My friend I will miss you more than you will ever know and I wish we could have had longer together, but God had greater plans for you. Do you know how I know that you are up there with Him? Because you have been one of my greatest teachers in my journey with God. You taught me how to teach our babies about His word. You always knew how to take my jumbled mess of words and put them together in just the right way so our babies would truly understand. Thank you for always keeping the mess that is me together and for being the queen of lamination and pretty toes.

I love you Mrs. Cathy and I will never let our babies forget you and how truly wonderful you were. You had so many great things you wanted to do and I know you would have been amazing in your next journey. I know you will help me find the words to help our babies through this and you will always be by my side laughing at me as I trip over beds and spill beans and sequins every where. Thank you for always keeping me together and not getting mad at me when I forgot to call you about jeans day. You always looked cute with or without jeans.

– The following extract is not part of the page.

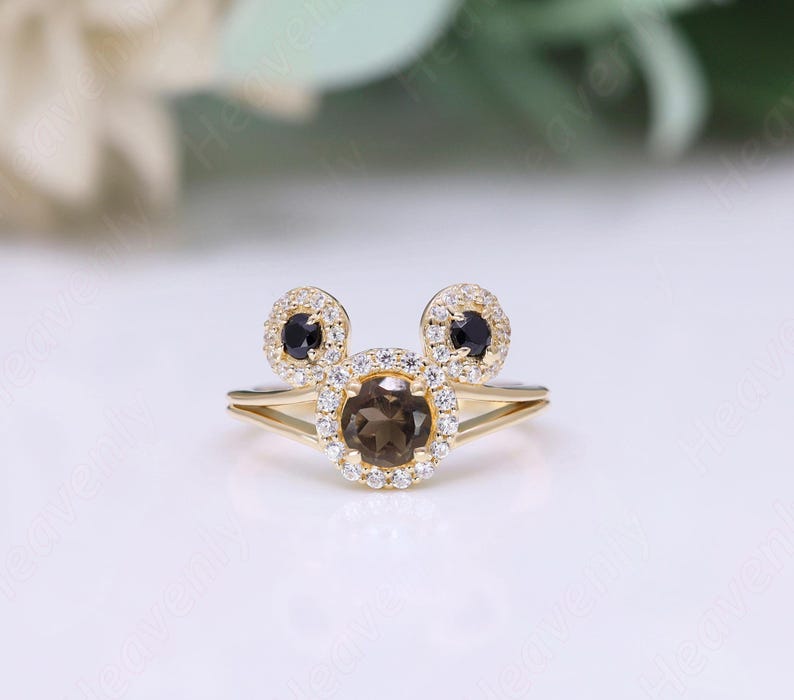 May include: A gold ring with a brown gemstone surrounded by smaller white gemstones. The ring has two black gemstones on either side of the brown gemstone, forming a Mickey Mouse shape.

My friend if I don't see you tomorrow I hope you have a Happy Eternal Life with God our Father.




If you are reading this please forgive the random thoughts that are flowing out of my brain today. I am sad.




1 comment:

EST said...

Roxanne,
I stumbled upon your blog from a friend's blog that you also follow. Your memories of Mrs. Cathy are beautiful.

According to my little guy, "Mrs. Cathy is now a superhero with super-special powers because her spirit was able to fly to Heaven and she has super power x-ray vision because she can see him and watch over him always." I was overwhelmed with the innocence of his little 5 year old mind and found comfort in his "understanding" of it all. He provided me with a little peace and, from one mom & teacher to the other, I hope that he, and all of your other babies, can give you a little of that same peace.

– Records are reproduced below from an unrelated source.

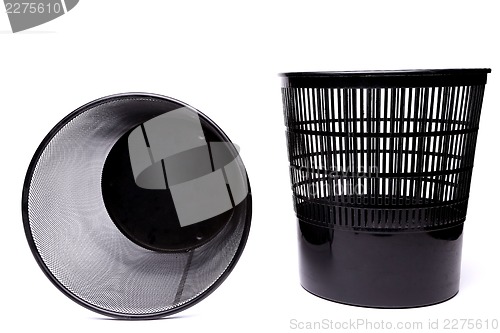 Image of A plastic trash can and a top metal trash can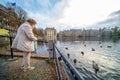 The Hague, The Netherlands - November 10, 2020: Cityscape of the Hague. Happy elderly senior retired woman feeds birds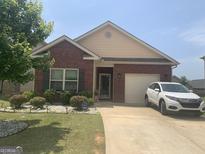 Charming one-story brick home with well-manicured lawn and inviting curb appeal on a sunny day at 2635 Lovejoy Crossing Ln, Hampton, GA 30228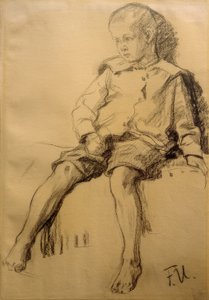 裸足で座っている少年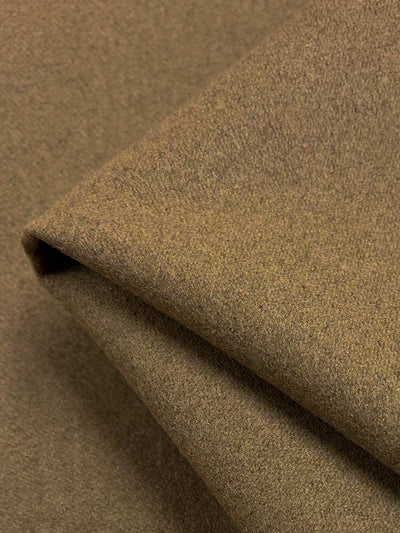 A close-up image of a folded piece of medium weight, brown woolen fabric, Designer Wool - Coca Mocha - 150cm by Super Cheap Fabrics. The texture appears soft and fine, showcasing the weave and material quality. The fabric is arranged with gentle folds, creating a sense of depth and dimension.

They are so very blessed to have you as their teacher; and, I know, without a doubt, you will find the perfect words for each one when you see them on Wednesday.

Thanks for all you do and for loving all of our children so much! Praying for you and all of our school family tomorrow. -Erin T.

For the record, I think that Raggedy Ann was Mrs. Cathy's way of sending you a little comfort of her own through your most precious baby girl!